Dear Beverly

As you know, a conversation with Popsie Tribble about even the most banal subject can destabalize "wife of." This time Popsie dropped in wearing her Issaye Mikao jumpsuit (the new sloppy look, she explained) and asked what Mr. Ambassador and "wife of" were doing for our summer vacation.

"We're thinking of going to Europe in August," I said.

Popsie nearly choked on the lime in her Evian water. She never drinks the liquid that flows from Washington taps and claims that Perrier water is too gassy.

"Last year," she warned, "you had a nervous breakdown holidaying in the Hamptons. Now you're making another vacation mistake. The right people don't go to Europe in August, and only a fool would go this year."

"What do you mean?" I answered. "The airlines are already overbooked, and I've been scrambling to find a place to stay in Paris."

"My point exactly," Popsie said. "Europe will be overrun by all the wrong people. It's become too cheap."

Well, Beverly, that's why Mr. Ambassador wants to go, but I was afraid to say that to Popsie. I answered a little defensively, "Baron Spitte says Europe is not as cheap as you might think. They're jacking up the prices."

Popsie shook her head. "The only way an August vacation in Europe can be bearable is if you stay in one place and avoid the crowds. Visit Sonny Goldstone, who's leased a palazzo on the Brenta Canal, or one of those country homes in England -- maybe Chatsfield, the Duke of Devonshire's place."

"Don't you have to be asked?"

"Certainly," Popsie said. "You just can't barge in."

I felt we had reached an impasse in our conversation so I asked her what she was doing.

"South Hampton," she said. "Unlike you, I feel perfectly at home there. And then we're going to Newport."

"Are you renting?" I asked, ignoring her aside.

"No, we're house guests. Much cheaper, except for the tips. Dexter says it's our year to economize."

I don't know why Popsie can get away with saying she wants a cheap vacation and "wife of" can't. But that's the way it is.

"Is anyone else making a vacation mistake besides us?" I asked.

"Joe Promisall," Popsie replied. "He's driving through Burgundy and Bordeaux visiting the wine cellars in the morning, taking in a one-star restaurant at noon and a two-or three-star in the evening."
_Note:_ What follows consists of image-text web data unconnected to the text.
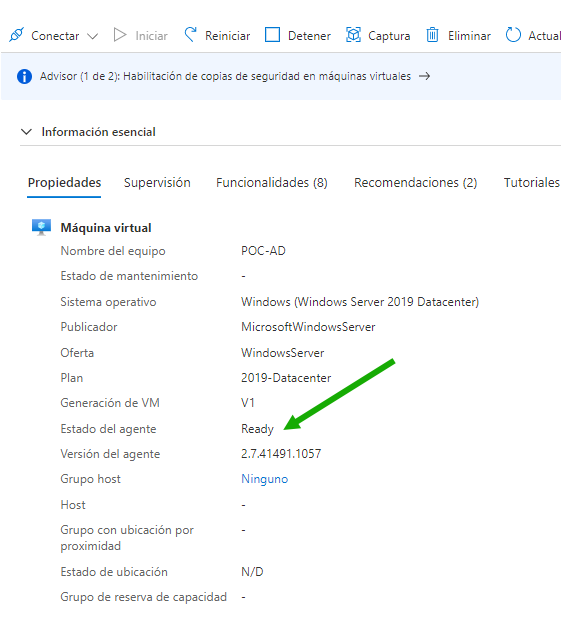 Captura de pantalla que muestra el estado Listo del agente de la máquina virtual.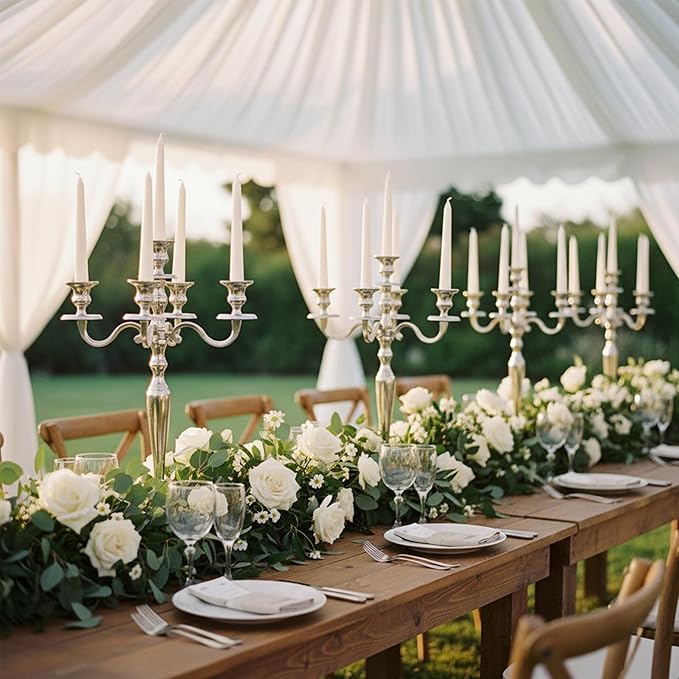 4 Pack White Taper Candles丨Taper Candles 10 Inch Dripless丨Unscented & Smokeless Candlesticks Bulk丨7-8 Hours Long Burning Tall Candles丨Ideal for Christmas Weddings Parties Dinner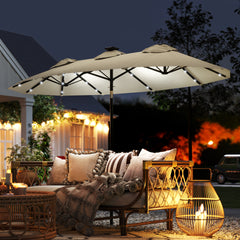 Double-sided Patio Umbrella, 9.7' Outdoor Umbrella with Tilt and Crank, LED Solar Light and 12 Ribs, Cream White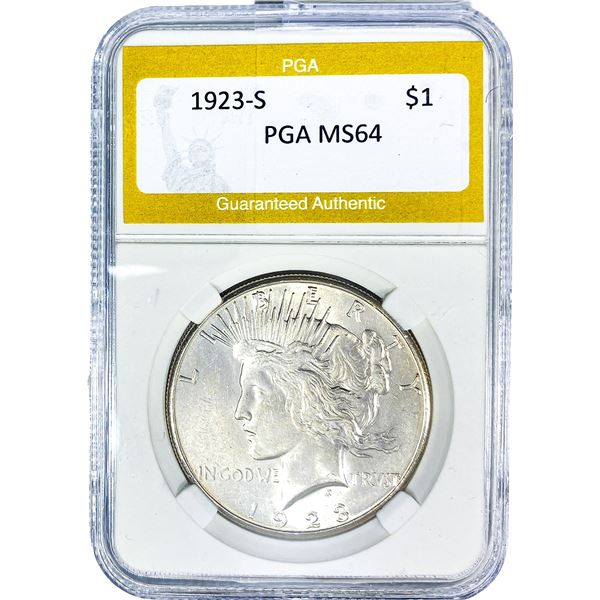1923-S Silver Peace Dollar PGA MS64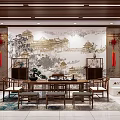 Traditional Office Interior Design With Red Frame Glass Doors Wooden Bookshelves And Bright Tile Flooring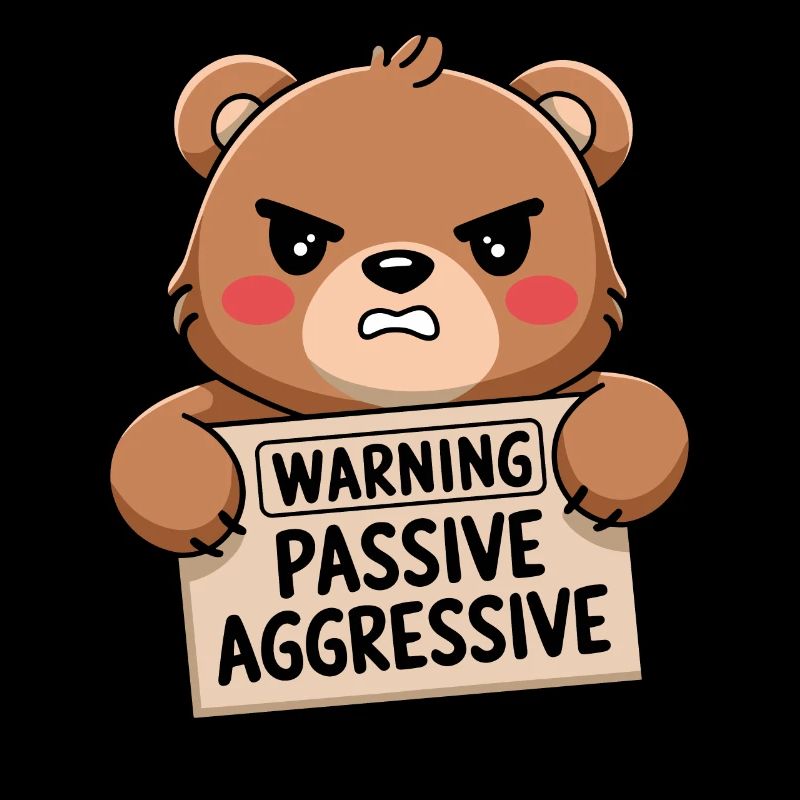 Cute Bear with Warning: Passive Aggressive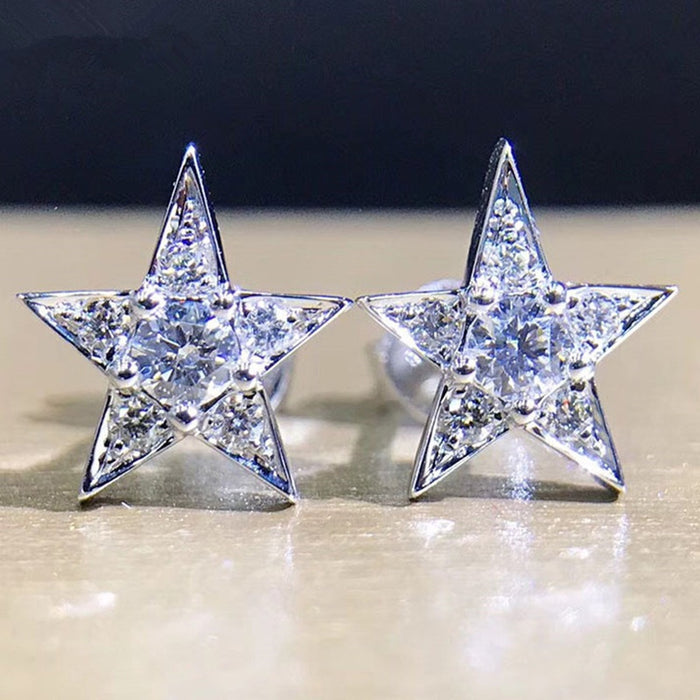 Minimalist Star Stud Earrings For Women Trendy Five Point Star Earrings Niche Fashion Jewelry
"Why is that a vacation mistake?"

"Have you ever drunk Chambertin at 10 a.m., lunched on snails in garlic butter and pike quenelles in lobster sauce with a little Montrachet at lunch, driven through the heat in the afternoon and dined on tripe, preserved goose, 30 varieties of cheese and Marquise au chocolat in the evening? Eat it and die, I say."

"It sounds a bit rich," I agreed. "But haven't some of those restaurants changed to a lighter cuisine?"

"Nouvelle cuisine is even worse. Squashed red pepper mousse sitting in a muddy pool of mushroom pur,ee. Why bother going to France at all? You can get the same mess right here on K Street.

"Is there anyone else making a vacation mistake?" I asked.

"Lionel Portant," Popsie said scornfully. "He thinks he's being chic doing this walking tour through Cornwall. It always rains and "wife of" Portant will have two inches of water in her evening bath, which will be tepid. She'll have to return to Rehoboth to get warm."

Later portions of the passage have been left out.